§ **TASK DESCRIPTION**
Without the images, print all the entries below exactly as given.

§ **DATASET RECORDS**
·····
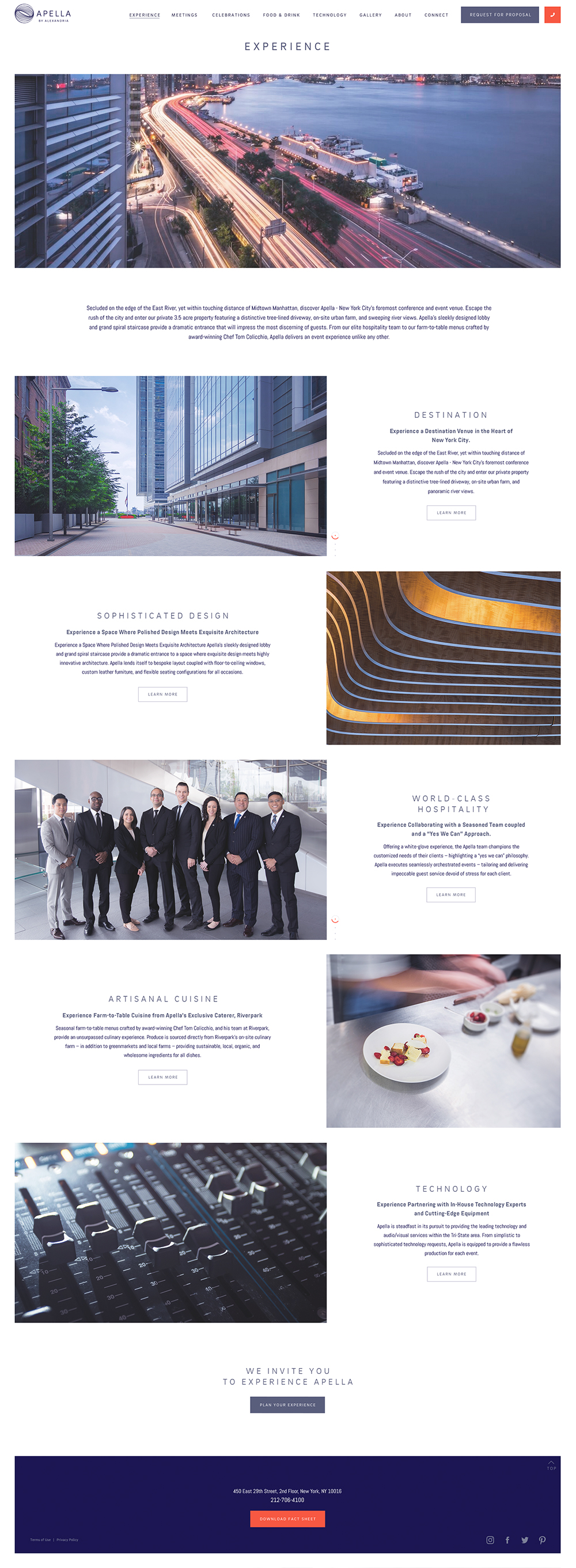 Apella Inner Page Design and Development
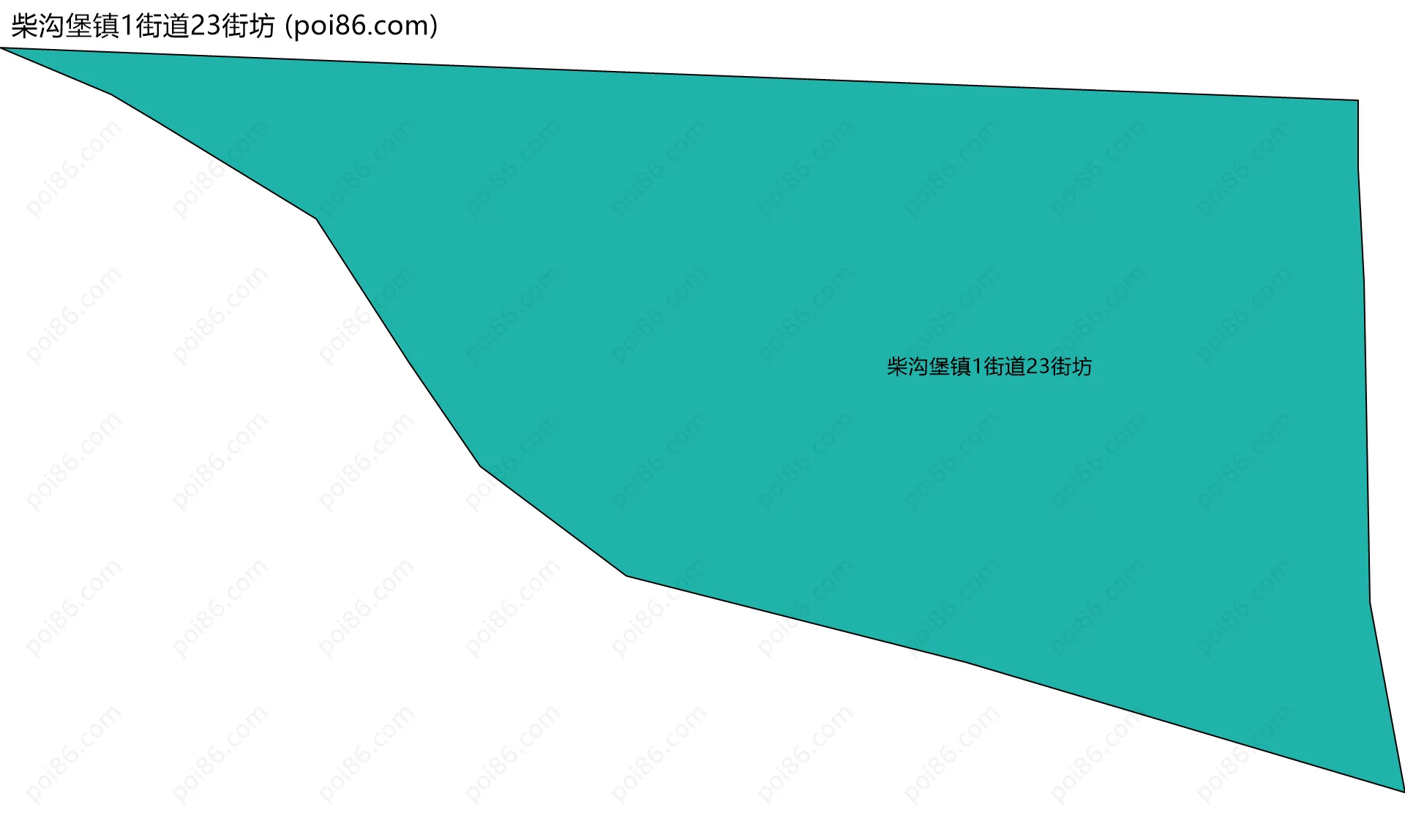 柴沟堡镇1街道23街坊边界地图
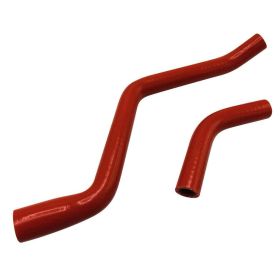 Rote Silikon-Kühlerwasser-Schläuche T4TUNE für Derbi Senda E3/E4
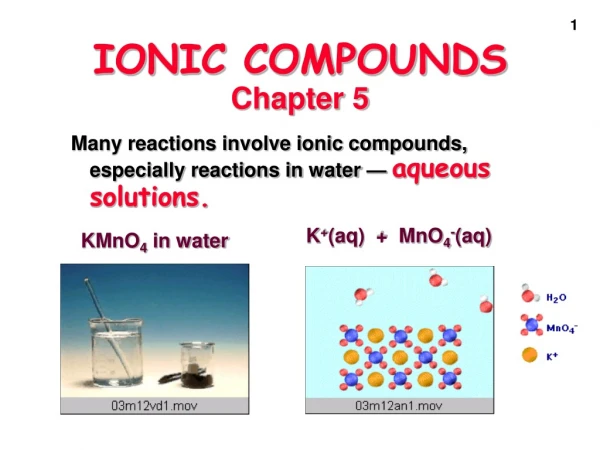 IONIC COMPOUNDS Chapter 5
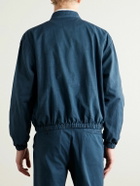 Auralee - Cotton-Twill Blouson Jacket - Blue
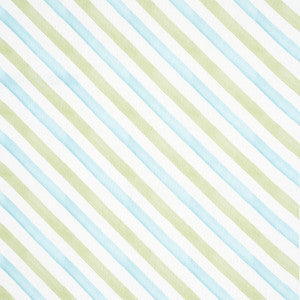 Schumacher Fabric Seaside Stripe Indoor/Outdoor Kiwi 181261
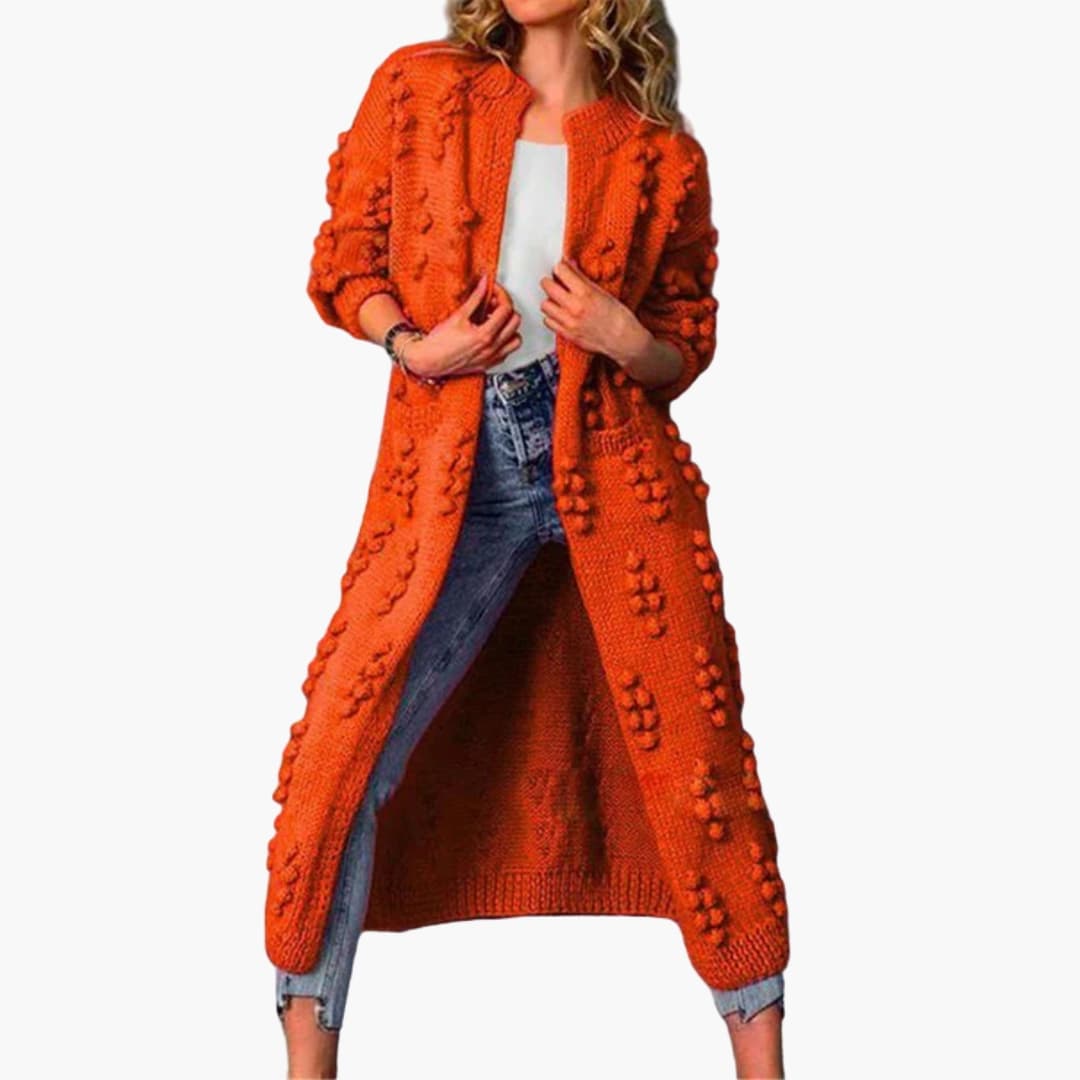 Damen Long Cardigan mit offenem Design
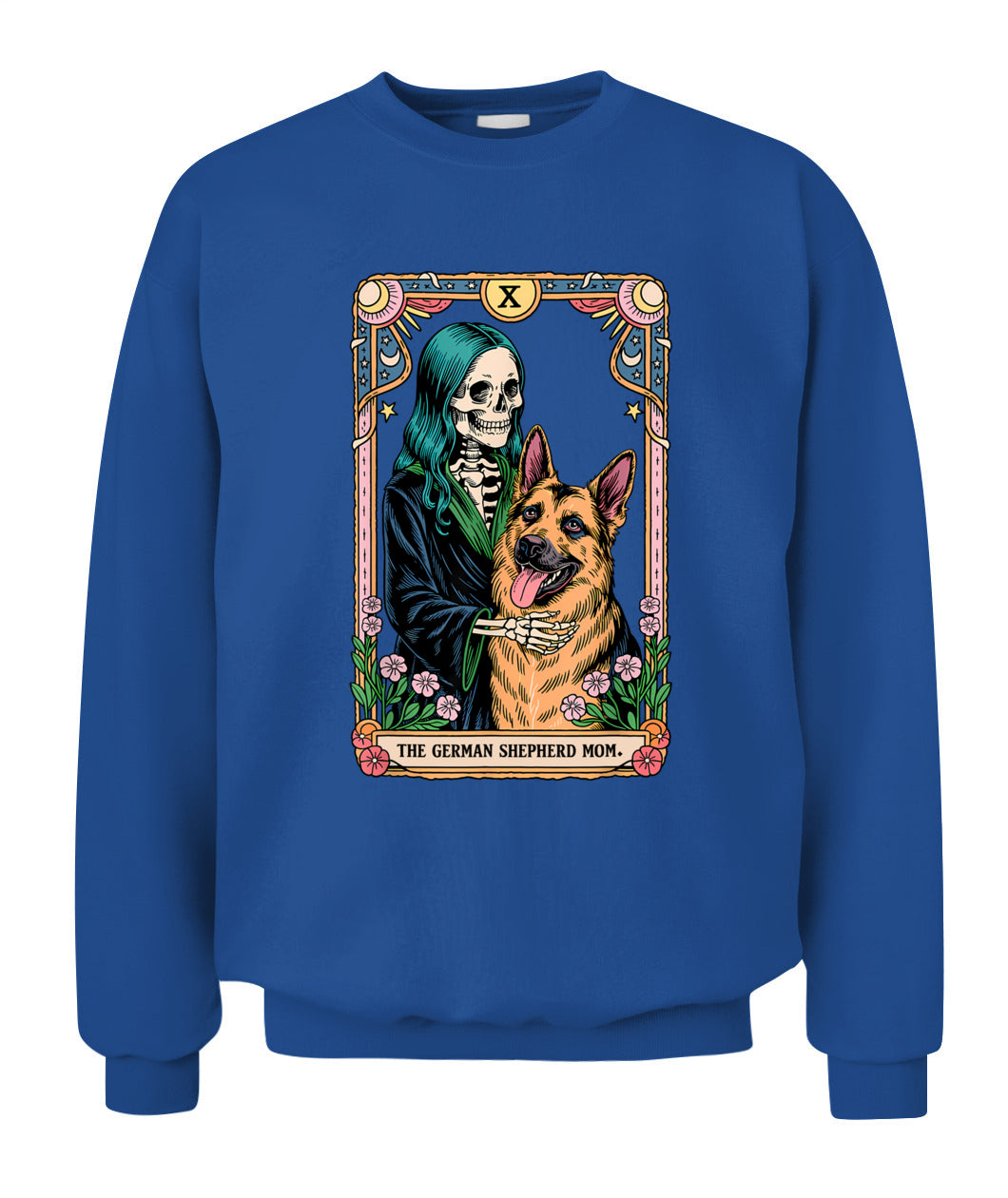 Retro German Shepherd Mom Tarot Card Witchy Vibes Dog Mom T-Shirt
·····
§ **WRITTEN SOLUTION**
 Apella Inner Page Design and Development
 柴沟堡镇1街道23街坊边界地图
 Rote Silikon-Kühlerwasser-Schläuche T4TUNE für Derbi Senda E3/E4
 IONIC COMPOUNDS Chapter 5
 Auralee - Cotton-Twill Blouson Jacket - Blue
 Schumacher Fabric Seaside Stripe Indoor/Outdoor Kiwi 181261
 Damen Long Cardigan mit offenem Design
 Retro German Shepherd Mom Tarot Card Witchy Vibes Dog Mom T-Shirt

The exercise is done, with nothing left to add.